Image-text web data:

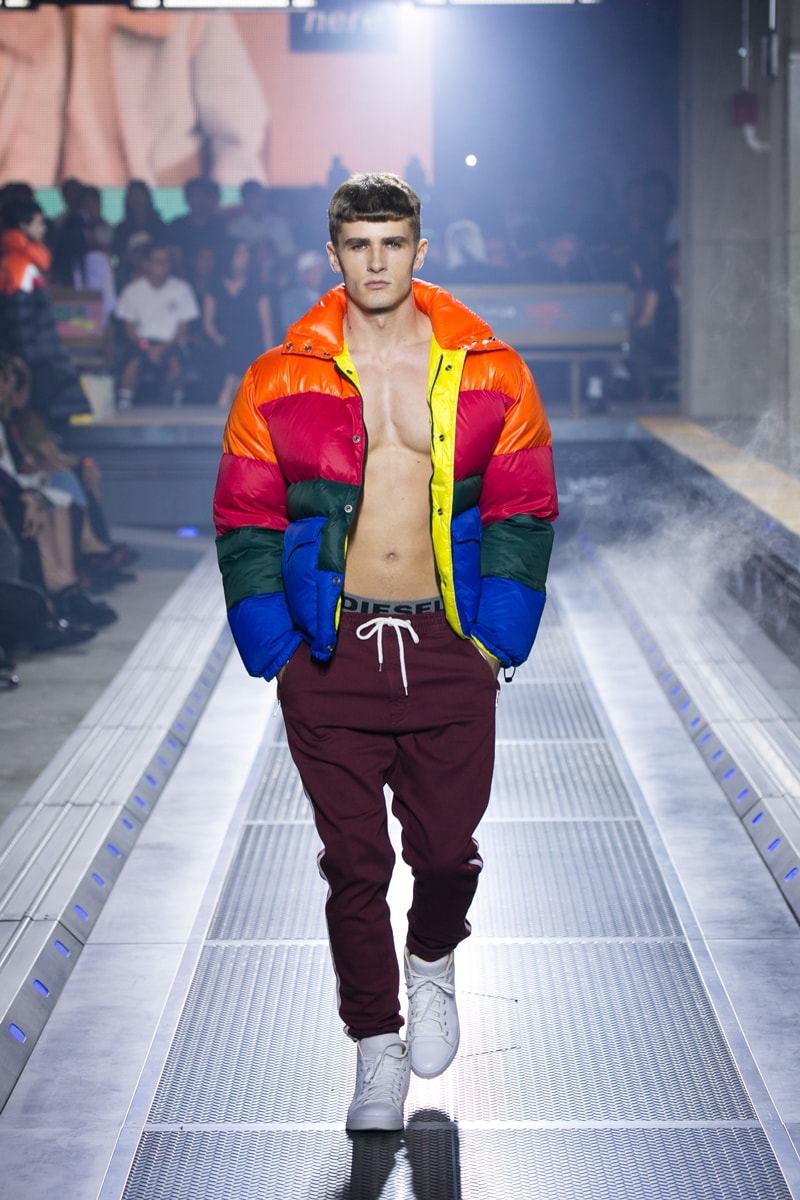 Diesel Express Editorial Collection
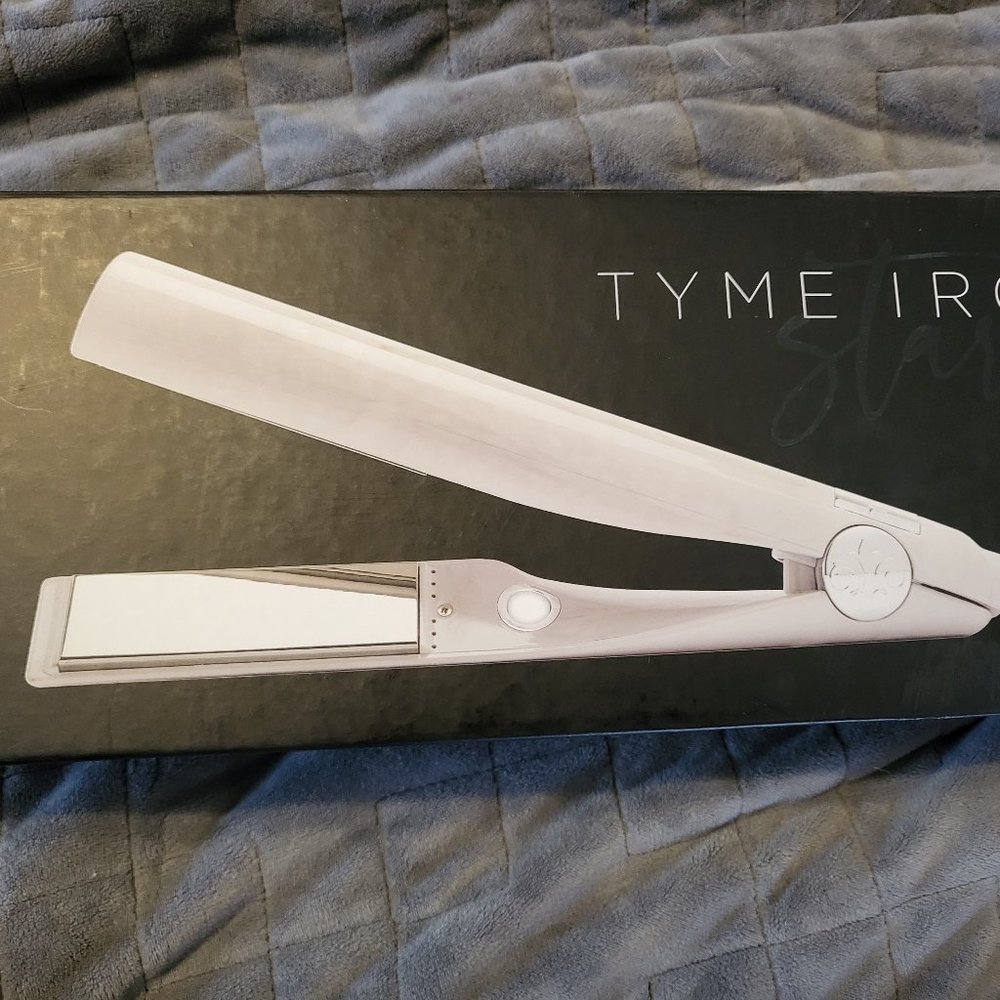 Limited Edition Marble Tyme Iron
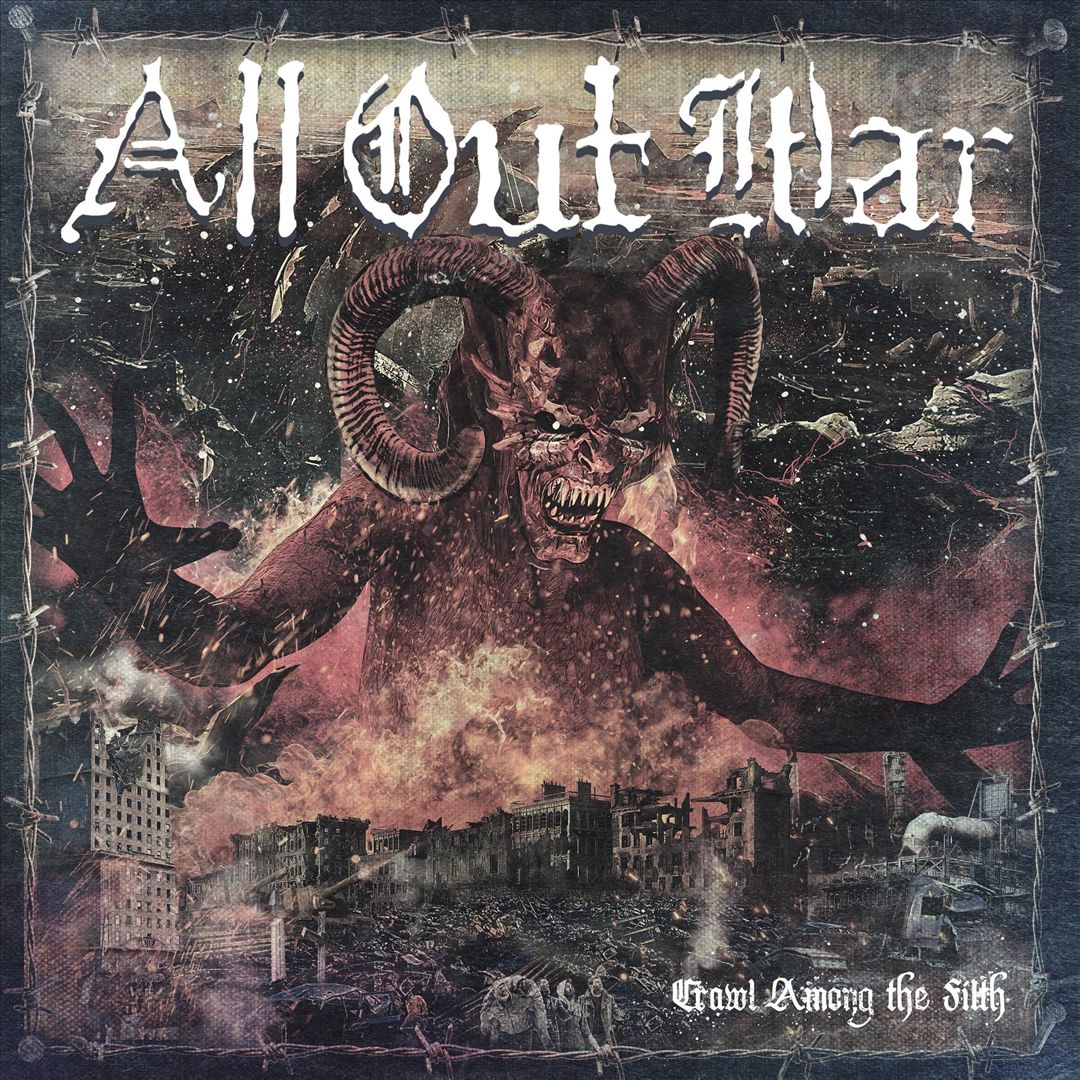 Crawl Among the Filth cover art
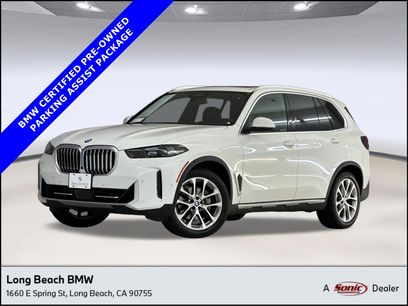 Used 2024 BMW X5 xDrive40i w/ Parking Assistance Package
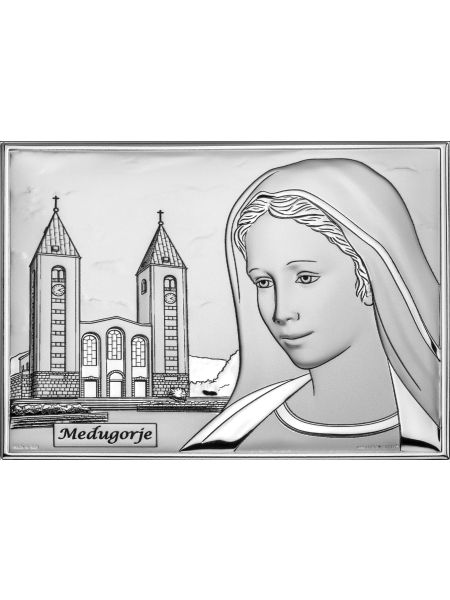 Obrazek Matka Boża z Medjugorie SA0005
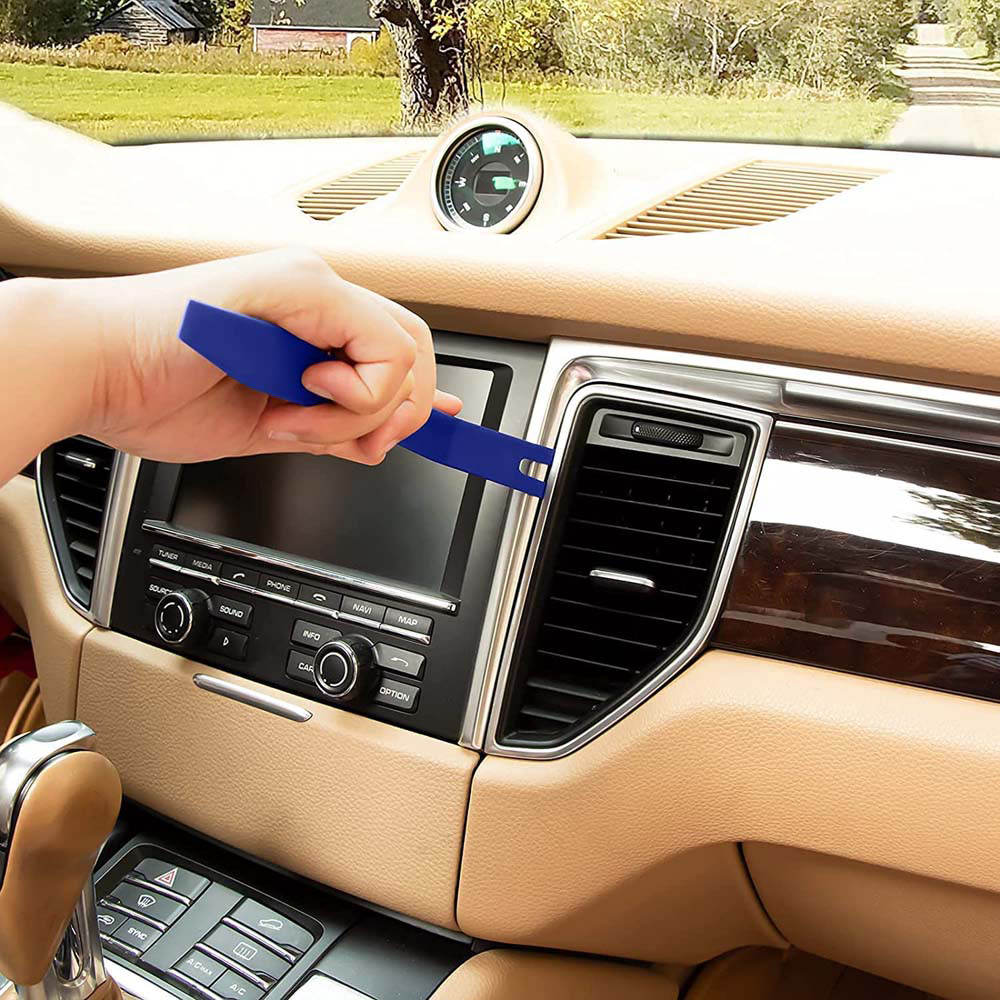 Car Hand Tool Set Car Disassem - Trim Restorer Plastic ulasan dan harga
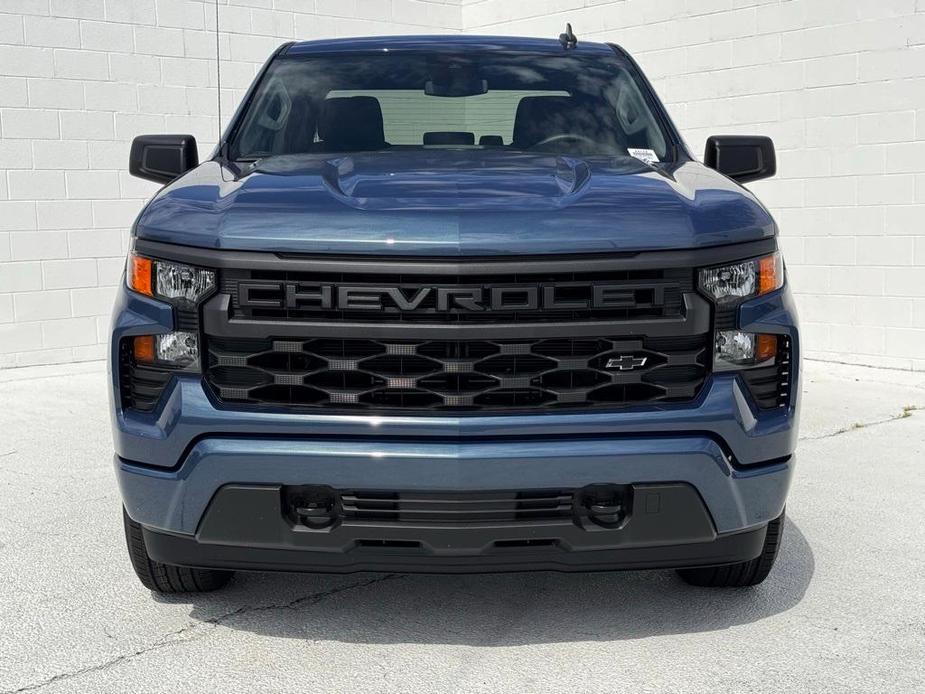 new 2024 Chevrolet Silverado 1500 car, priced at $41,445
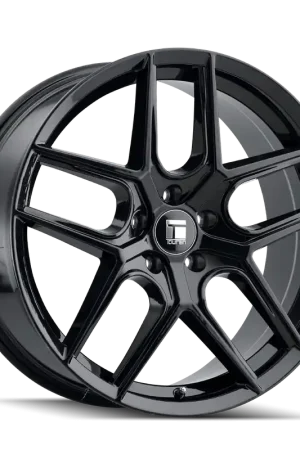 Touren TR79 3279 Gloss Black 20x9 5x108 35mm 63.5mm Super Sale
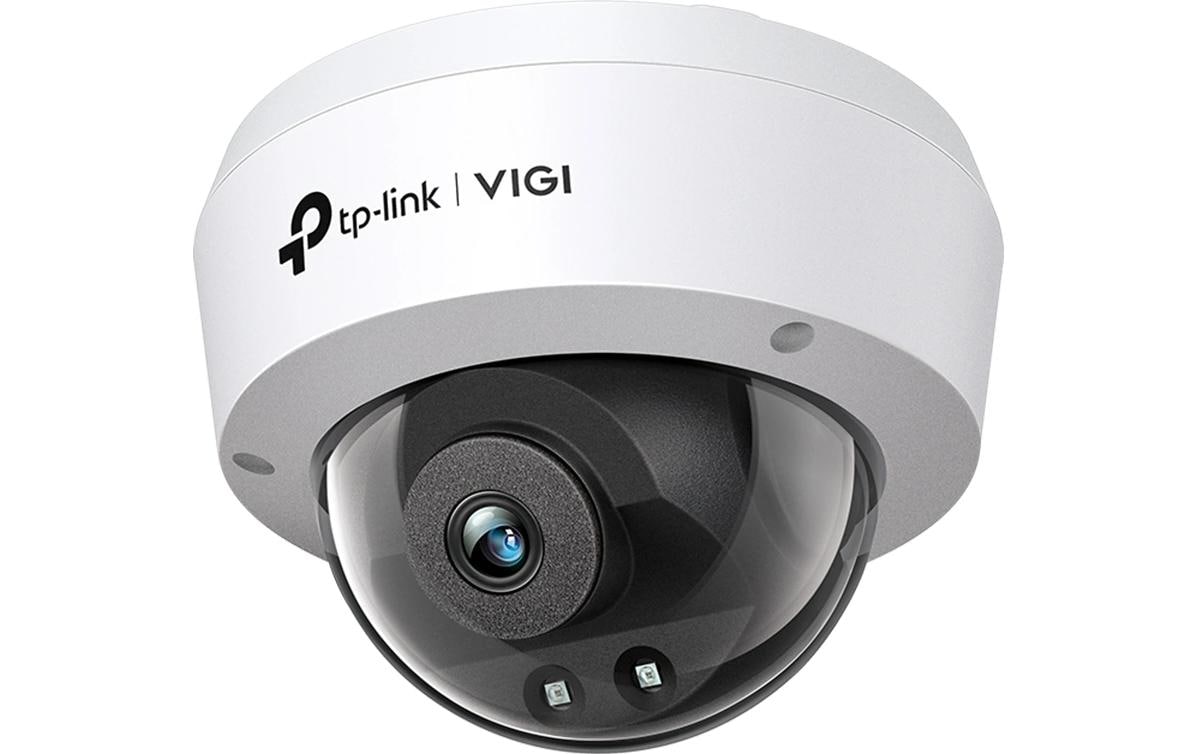 TP-Link VIGI C240I Dome – 4MP – 4,0 mm – PoE – IP67 IK10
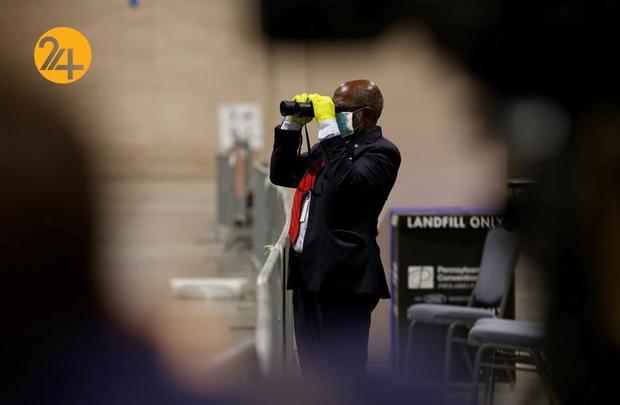 نتیجه انتخابات آمریکا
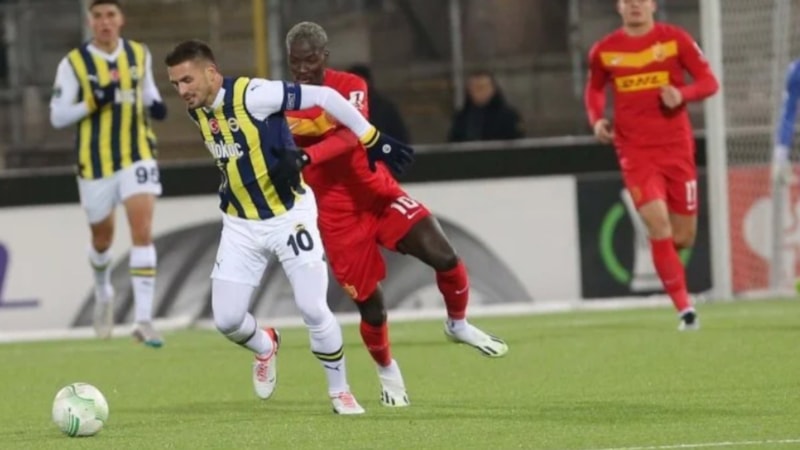 Dusan Tadic: Utanç dolu bir akşamdı!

**Exercise brief:** Output must match the lines from the start of the records above through the line that contains "Obrazek Matka Boża z Medjugorie SA0005", exactly and with every picture removed.

**Written answer:**
 Diesel Express Editorial Collection
 Limited Edition Marble Tyme Iron
 Crawl Among the Filth cover art
 Used 2024 BMW X5 xDrive40i w/ Parking Assistance Package
 Obrazek Matka Boża z Medjugorie SA0005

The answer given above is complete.